Sunday, September 16th 2018
My alarm goes off at 4.00am after a very broken night of sleep, and then I am off to meet a few of my Human Performance athletes who will joining in on the race; Ash Heng, Sam Bailey, Jacob Flanagan and of course my race buddy, Australian runner Jeremy Roff (Roffy). Jeremy’s fiancé, Lora Storey is a Human Performance athlete. Jeremy represented Australia at the World Track and Field Championships, Commonwealth Games and World Cross Country Championships, so for him to run with a heavy ex-footballer is very kind and generous.
As I disembark the train at Milson’s Point, surrounded by so many eager half marathon participants, I decided there and then that it will be the last time I do this. I was over my life being governed by my own internal perception and expectations of success.
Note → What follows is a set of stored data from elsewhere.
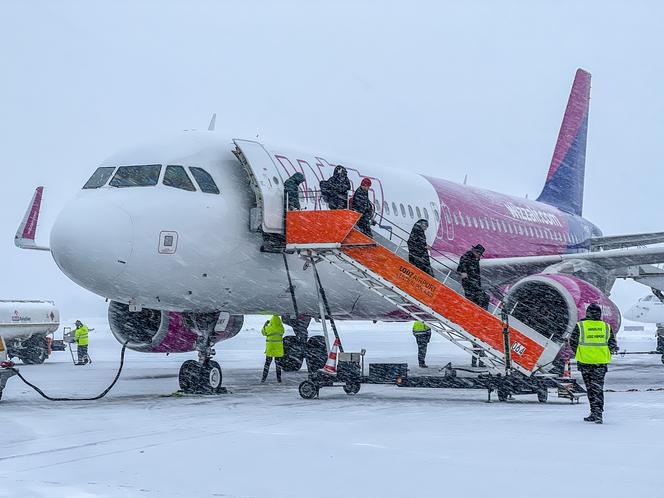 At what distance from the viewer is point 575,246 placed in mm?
22641

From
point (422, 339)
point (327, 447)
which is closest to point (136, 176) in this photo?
point (327, 447)

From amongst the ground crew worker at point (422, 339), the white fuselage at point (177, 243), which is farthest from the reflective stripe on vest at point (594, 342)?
the ground crew worker at point (422, 339)

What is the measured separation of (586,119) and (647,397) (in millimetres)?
15502

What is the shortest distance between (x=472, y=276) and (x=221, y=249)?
3.77 meters

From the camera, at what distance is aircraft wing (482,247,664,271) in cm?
1529

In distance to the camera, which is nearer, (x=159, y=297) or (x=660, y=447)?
(x=660, y=447)

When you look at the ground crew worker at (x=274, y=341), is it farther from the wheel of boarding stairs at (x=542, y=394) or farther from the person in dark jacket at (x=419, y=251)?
the wheel of boarding stairs at (x=542, y=394)

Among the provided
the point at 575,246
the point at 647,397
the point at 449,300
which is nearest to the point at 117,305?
the point at 449,300

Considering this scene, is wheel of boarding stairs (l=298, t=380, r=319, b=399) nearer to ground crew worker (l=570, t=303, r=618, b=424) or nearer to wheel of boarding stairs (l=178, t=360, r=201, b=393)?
wheel of boarding stairs (l=178, t=360, r=201, b=393)

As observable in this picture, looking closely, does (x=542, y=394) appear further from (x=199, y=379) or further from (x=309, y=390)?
(x=199, y=379)

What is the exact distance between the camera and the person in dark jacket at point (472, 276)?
42.1 feet

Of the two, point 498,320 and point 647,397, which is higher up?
point 498,320

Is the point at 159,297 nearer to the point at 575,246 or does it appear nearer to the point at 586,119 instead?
the point at 575,246

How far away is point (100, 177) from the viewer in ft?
38.9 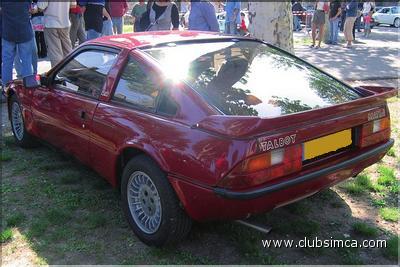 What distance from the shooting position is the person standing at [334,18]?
16.4m

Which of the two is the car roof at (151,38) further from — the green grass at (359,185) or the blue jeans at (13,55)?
the blue jeans at (13,55)

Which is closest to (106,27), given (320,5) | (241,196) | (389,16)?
(241,196)

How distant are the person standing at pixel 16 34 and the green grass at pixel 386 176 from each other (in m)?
5.22

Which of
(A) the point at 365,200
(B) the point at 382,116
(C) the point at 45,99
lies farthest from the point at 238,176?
(C) the point at 45,99

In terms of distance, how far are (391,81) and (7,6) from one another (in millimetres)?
7287

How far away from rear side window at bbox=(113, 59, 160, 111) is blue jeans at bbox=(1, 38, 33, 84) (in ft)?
13.3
I have raced the clock for 18 years, surely there is peace in just living an ordinary life.
But by 5am, when we eventually get to the start line underneath the bridge at Kirribilli, and I start to get growing sense of what the road running community looks like. Whilst I may not be a typical member, I feel a deep sense of appreciation for why so many people become so endeared with the sport.
I warm up for a bit, have some idle banter and then bid farewell to a few of my athletes and the Dill-Macky support clan, and then suddenly I am hit with the reality that I am not entirely sure what 21kms will really look or feel like.
Roffy ensures me I will be fine, for him this is basically like a Sunday stroll. His smile is not reassuring though, it’s the look I use to give First Grade debutants or people about to play in South Africa for the first time in their lives.
But before I can give it much more thought, the gun starts, and we are off.
This is my first sporting event as an adult when I am not a rugby union player. I run past and see a few familiar faces who I have met along the way, and soon I realise, it is not a race to finish first for many but a test against themselves, against the clock and their mind, body and spirit.
Over the Harbour Bridge I feel okay – nervous and uncomfortable, but within the context of what I am attempting I feel okay. I do notice and reflect the beauty of the city and how incredible this run is. At 5km in, we are moving past the Cahill Expressway towards Macquarie Street and I have a deep sense of gratitude for those who I get to spend time with, these days.
I get to Hyde Park and realise we are moving okay. We trek down to the Rocks and start making our way through Barangaroo towards the Western Distributor. The pace is starting to feel more uncomfortable. I am trying to quieten the voice inside my head and get a tempo going that’s sustainable, just on the edge of not forcing my body to enter preservation mode. Runners would say this is ‘threshold’, but my heart rate says this is ridiculous to be running at such a speed for 50 mins already.
I get to Pyrmont and realise as we pass over the bridge it’s around an hour into the race and we are on track: around 13.5km down. It is at this point I have the strangest thought. The last time I was passing over the bridge, it was a night out with some footy boys at Cargo Bar and we were heading across to Pyrmont Bridge Hotel to continue on in the early hours of Sunday morning. I am not sure what feels worse, the thought of being hungover or still having around 30 odd minutes of running left. Oh, the irony.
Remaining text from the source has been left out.